(WORK REQUEST)
The output consists only of the lines from the one with "The Quoc Khanh Show Podcast artwork" through the end of the records, each printed exactly, and contains no pictures.
*** TASK INPUTS ***
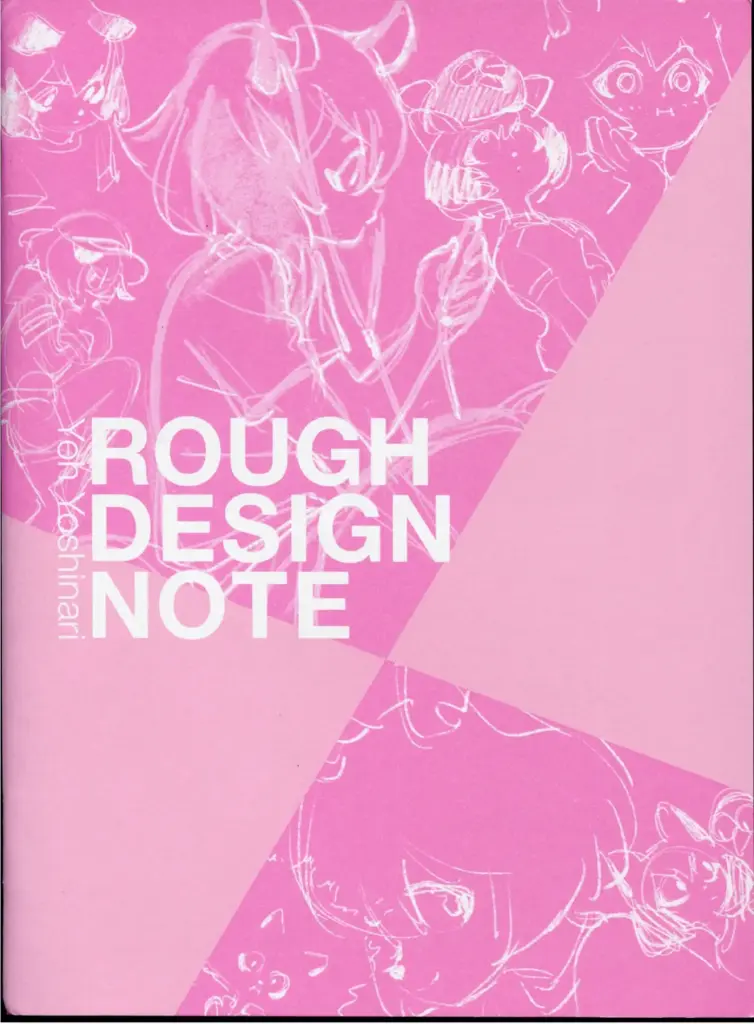 Rough Design Note – Volume 1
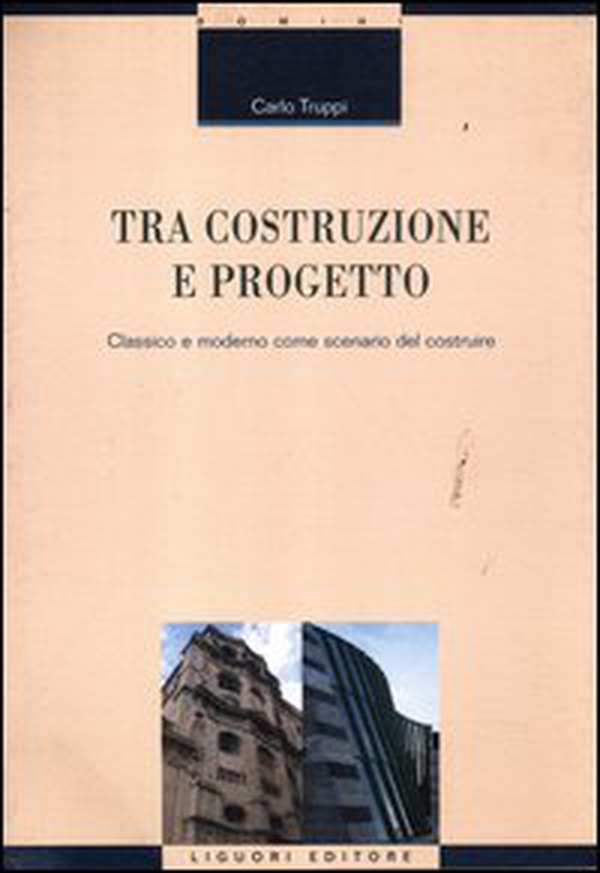 Tra costruzione e progetto. Classico e moderno come scenario del costruire - Librerie.coop Tra costruzione e progetto. Classico e moderno come scenario del costruire - Librerie.coop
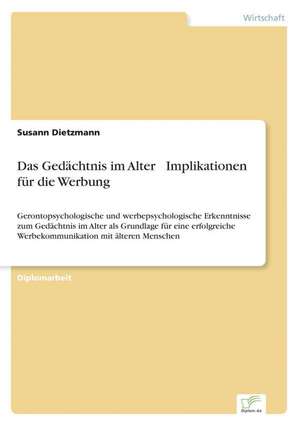 Das Gedachtnis Im Alter Implikationen Fur Die Werbung: 2002 de Susann Dietzmann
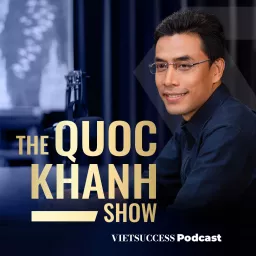 The Quoc Khanh Show Podcast artwork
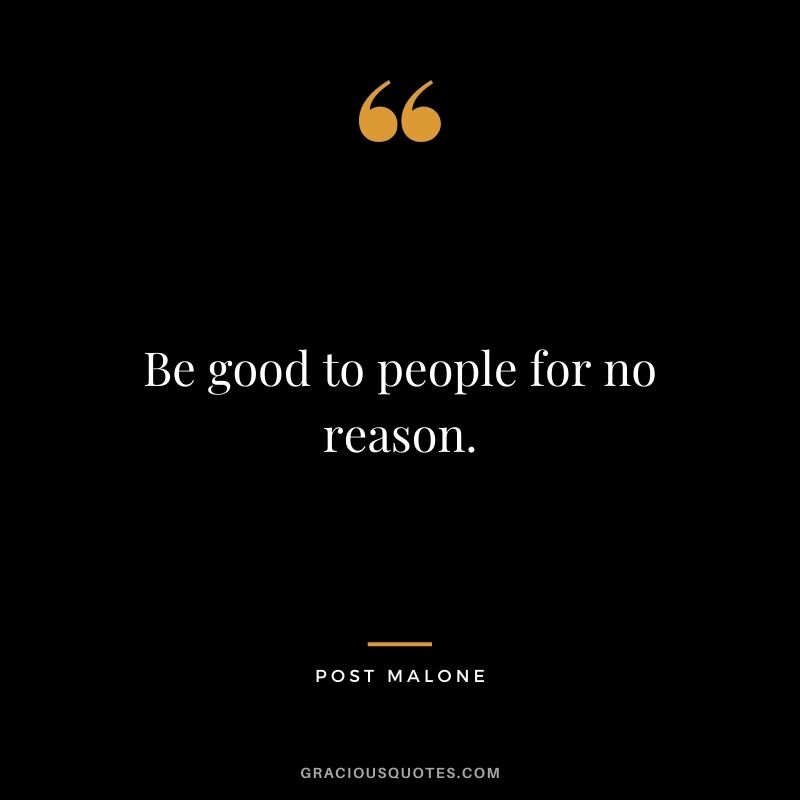 Be good to people for no reason.
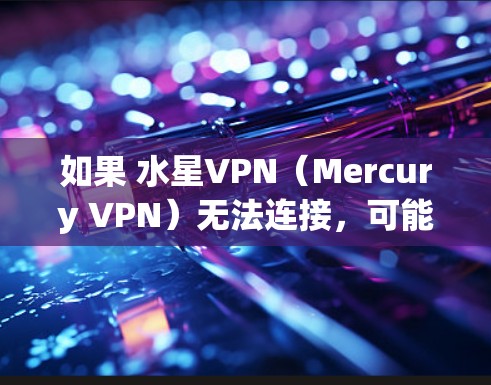 如果 水星VPN（Mercury VPN）无法连接，可能是由多种原因导致的。以下是一些常见问题及解决方法，请逐步排查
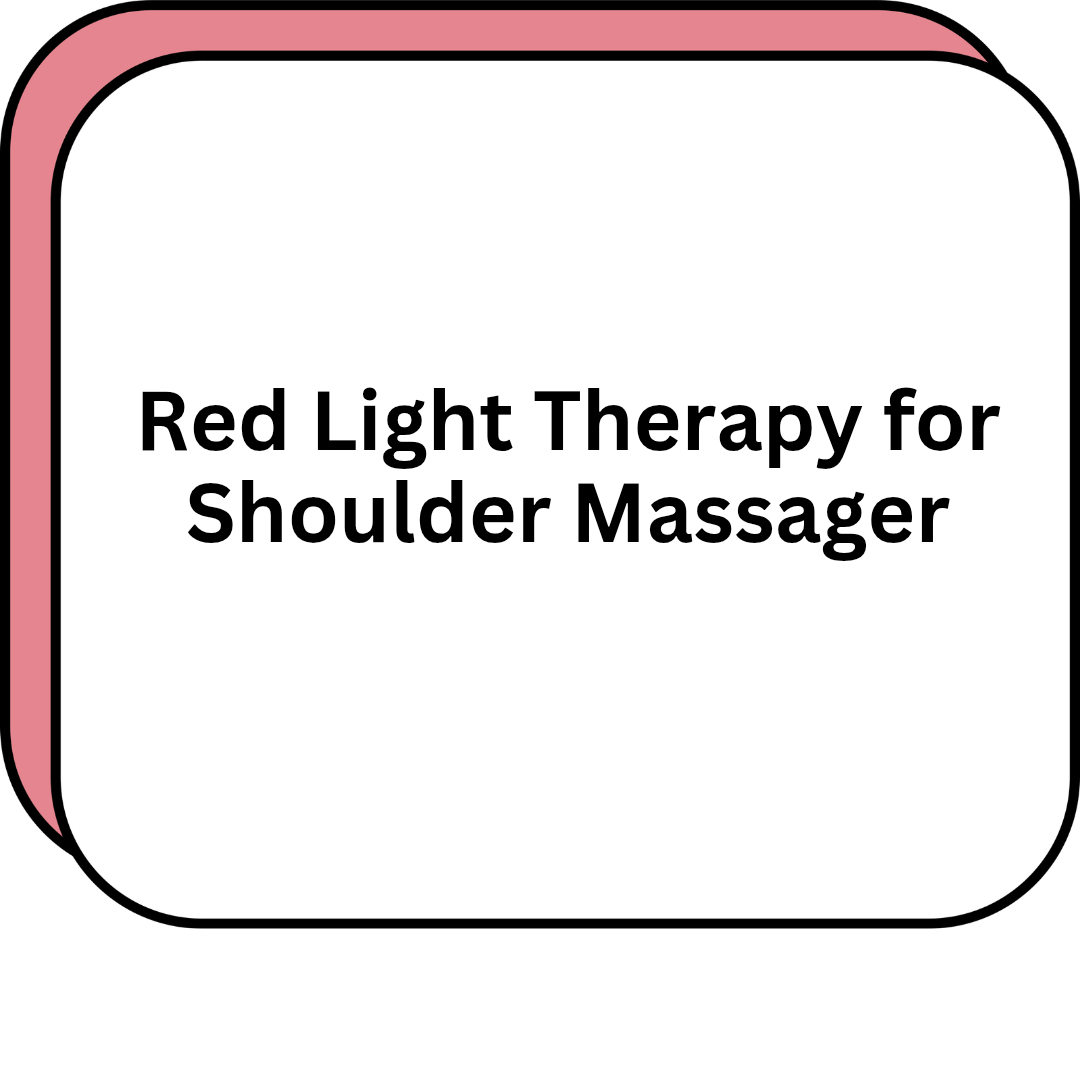 Red Light Therapy for Shoulder Massager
*** End of TASK INPUTS ***
(TASK RESPONSE)
 The Quoc Khanh Show Podcast artwork
 Be good to people for no reason.
 如果 水星VPN（Mercury VPN）无法连接，可能是由多种原因导致的。以下是一些常见问题及解决方法，请逐步排查
 Red Light Therapy for Shoulder Massager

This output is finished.